WORK REQUEST: Please repeat, exactly as written, every line from the one containing "1826 Camp Greene Street, Charlotte, NC 28208" through the last line of the records, both included, and leave out any pictures.

☆ ☆ ☆ ☆

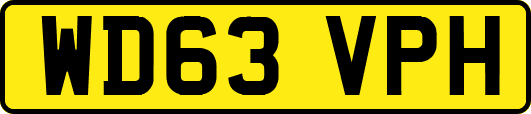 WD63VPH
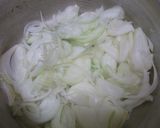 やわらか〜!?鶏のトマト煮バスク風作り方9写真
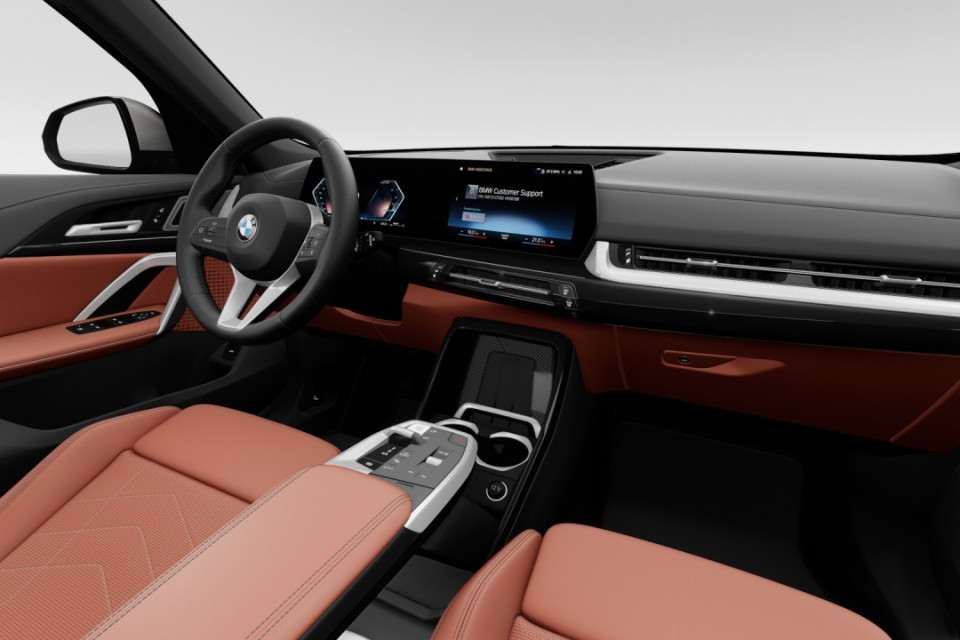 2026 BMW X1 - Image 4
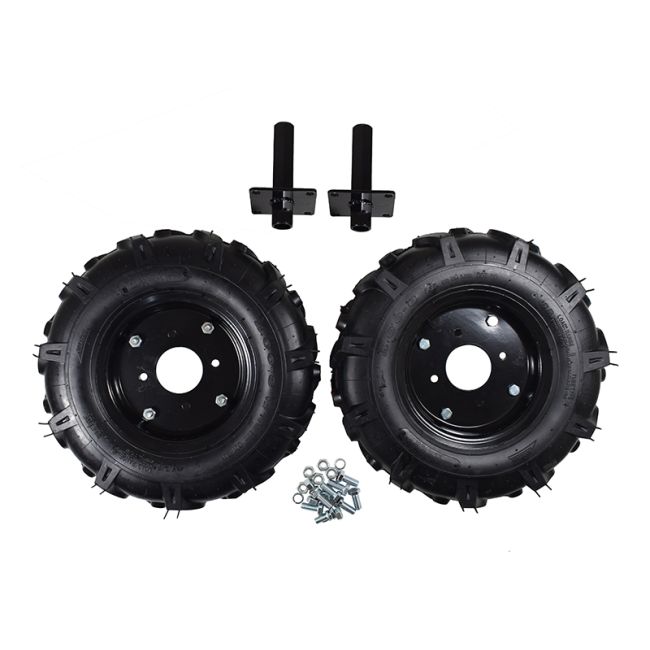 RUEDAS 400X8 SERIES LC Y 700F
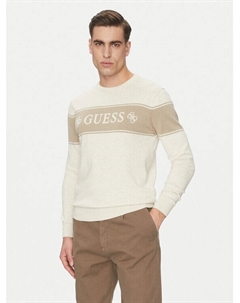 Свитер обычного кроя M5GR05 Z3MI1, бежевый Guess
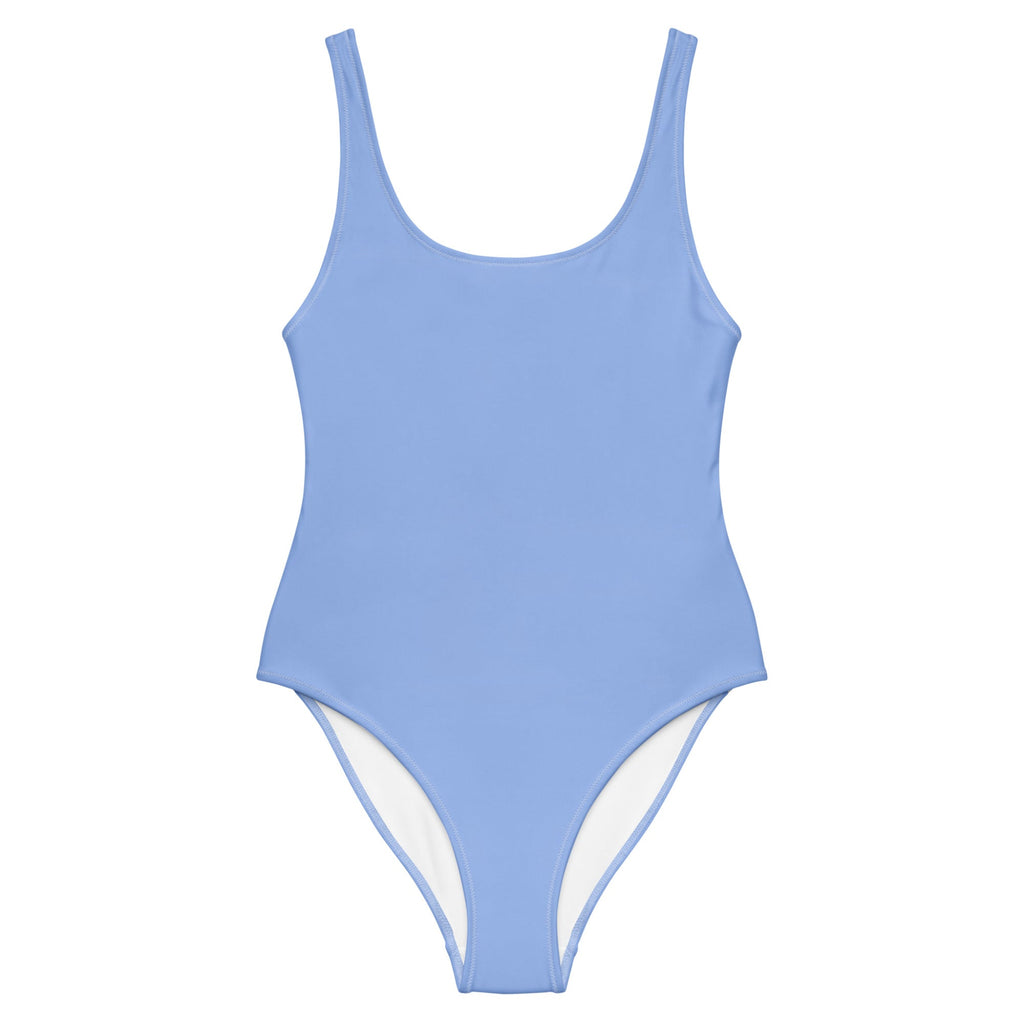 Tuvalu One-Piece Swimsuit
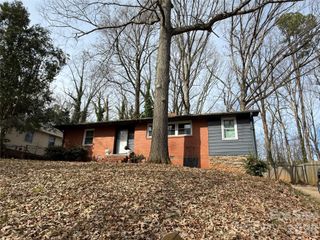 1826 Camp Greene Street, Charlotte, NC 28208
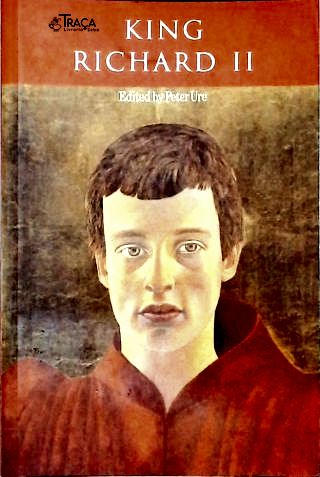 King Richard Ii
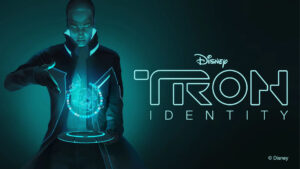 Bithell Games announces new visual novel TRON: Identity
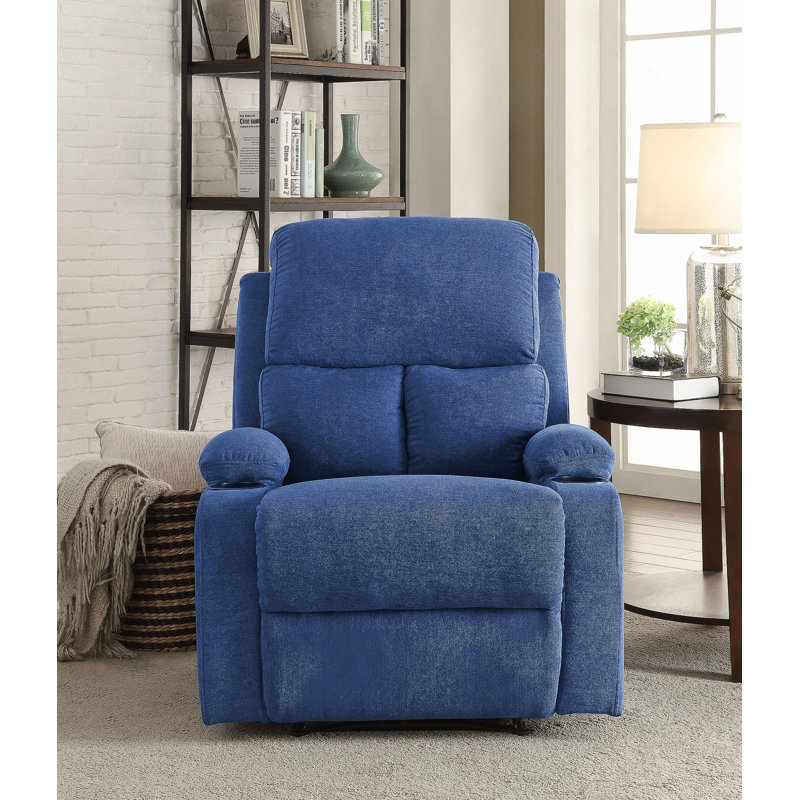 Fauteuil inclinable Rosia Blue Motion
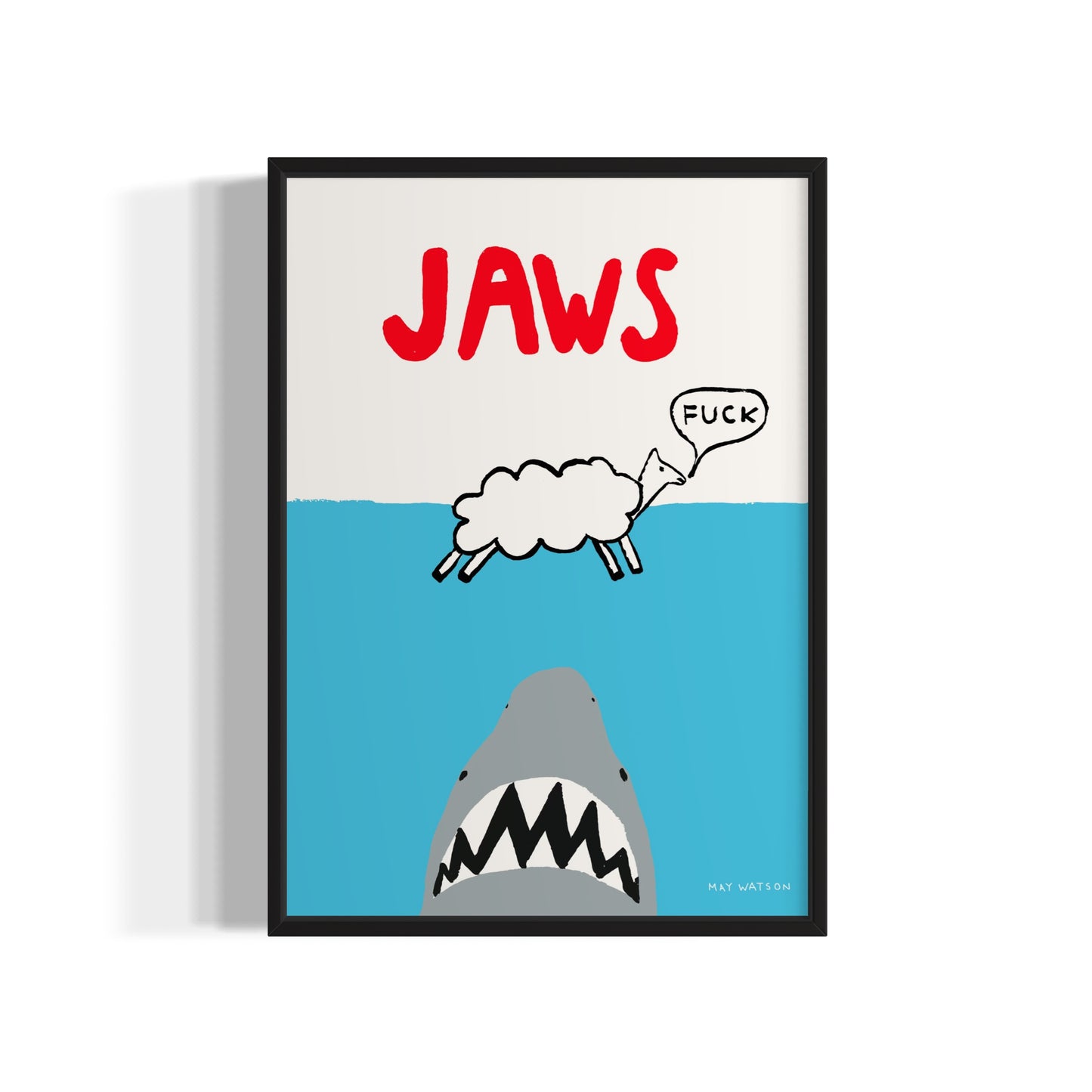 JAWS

☆ ☆ ☆ ☆

ANSWER TO THE PROBLEM:
 1826 Camp Greene Street, Charlotte, NC 28208
 King Richard Ii
 Bithell Games announces new visual novel TRON: Identity
 Fauteuil inclinable Rosia Blue Motion
 JAWS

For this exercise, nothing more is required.